The affect of sport on mental health has been a subject that I have found myself fascinated by for a number of years now. I see a lot of people who assume that because they have a lot of money, professional sports people can’t be unhappy. They think that a loss is just a loss, and that their wealth will help them get over it. They could not be further from the truth. Really, they couldn’t. And that opinion really (really) annoys me.
For a start, I find it incredibly naïve to assume that money is the solution to all problems. Nothing is the solution to all problems, and as all problems are relative, everyone has the right to be unhappy with any given situation. Secondly, place yourself in the mind of a sportsperson. You’ve dedicated your life, and sacrificed most of your relationships, to strive for greatness. You’ve come so far and find yourself amongst the very top of your respective sport, only to be constantly knocked down. Was it worth it? Yes, you’ve earned a lot of money, but money isn’t what you went into sport for – rather it’s the glory of winning. These people are not human in their make up; only winning and becoming the best motivates them. Anything else is a failure.
And so professional sport is the perfect scenario for you to develop mental health problems. Especially with the rise of social media, where anyone can go and search for their name and read the horrible things fans write. For the record, who can blame the fans, they invest emotional energy into these matches, of course negative reactions are a natural consequence. It’s also quite difficult to, as some people say, stay away from the media. Have you tried avoiding the news for a day in our generation? If you don’t understand the fabric of sport, this will probably be quite hard for you to get but I hope I’m making it clear just how tough life near the top can be.
And on top of all this, you have to factor in the immense travelling these people do. Cricket is a sport which seems to induce more mental illnesses than most, which is hardly surprising given the weeks, sometimes even months, spent away from home at a time. You don’t have to have a degree in psychology to understand that time away from home can have dangerous consequences to your mental health.
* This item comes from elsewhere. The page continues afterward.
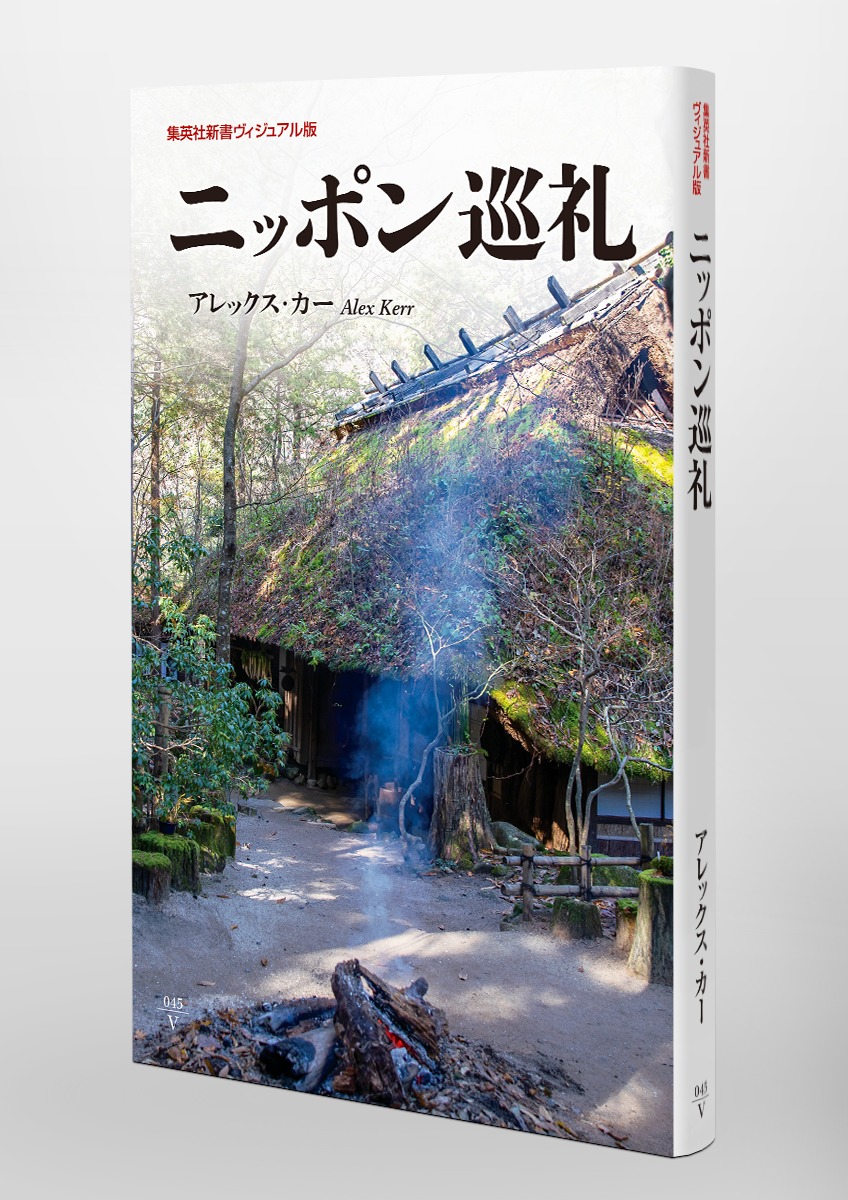 ニッポン巡礼（集英社新書）[アレックス・カー]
Most of us have to deal with wins and losses. The difference between professional sports people and us is that we don’t do it with millions watching us and millions more following us over the various forms of media. After we lose, we don’t have to justify our decisions to a gaggle of reporters, nor do we have to appear graceful and supportive of the person who beat us. If we win, we don’t have the weight of expectation thrust upon our shoulders from people we will never meet.
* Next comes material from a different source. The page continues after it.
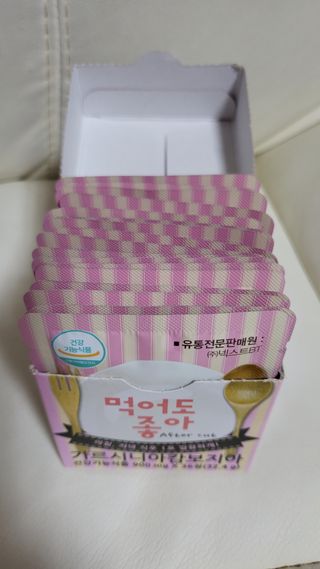 하늘아님이 올린 리뷰 사진 2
Of course, this is all over-simplified. There is obviously always more to life than sport. Andy Murray, in his worst run of form possibly for his entire career, came out recently and said that being a father has changed his perspective on tennis. Bigger things matter more than winning, it would appear. However, you could also argue that Andy has already won three Grand Slams, reached world number one and has multiple Olympic medals and so he’s already justified being the best.
The melting pot of the sports arena is nigh impossible to recreate within an everyday situation. The gladiators who compete are human with regards their feelings, insecurities and emotions yet have to appear beyond all that at all times. The stress that puts on the brain must be hard to hold without breaking. The fact more sports people haven’t opened up is surely just a reflection of how the subject has been taboo for so long.
Playing sport recreational can have huge advantages to your mental health, competing in it professionally can be incredibly dangerous. I know I wouldn’t be cut out for that level of stress; I would love to explore the mind of someone who tries to be.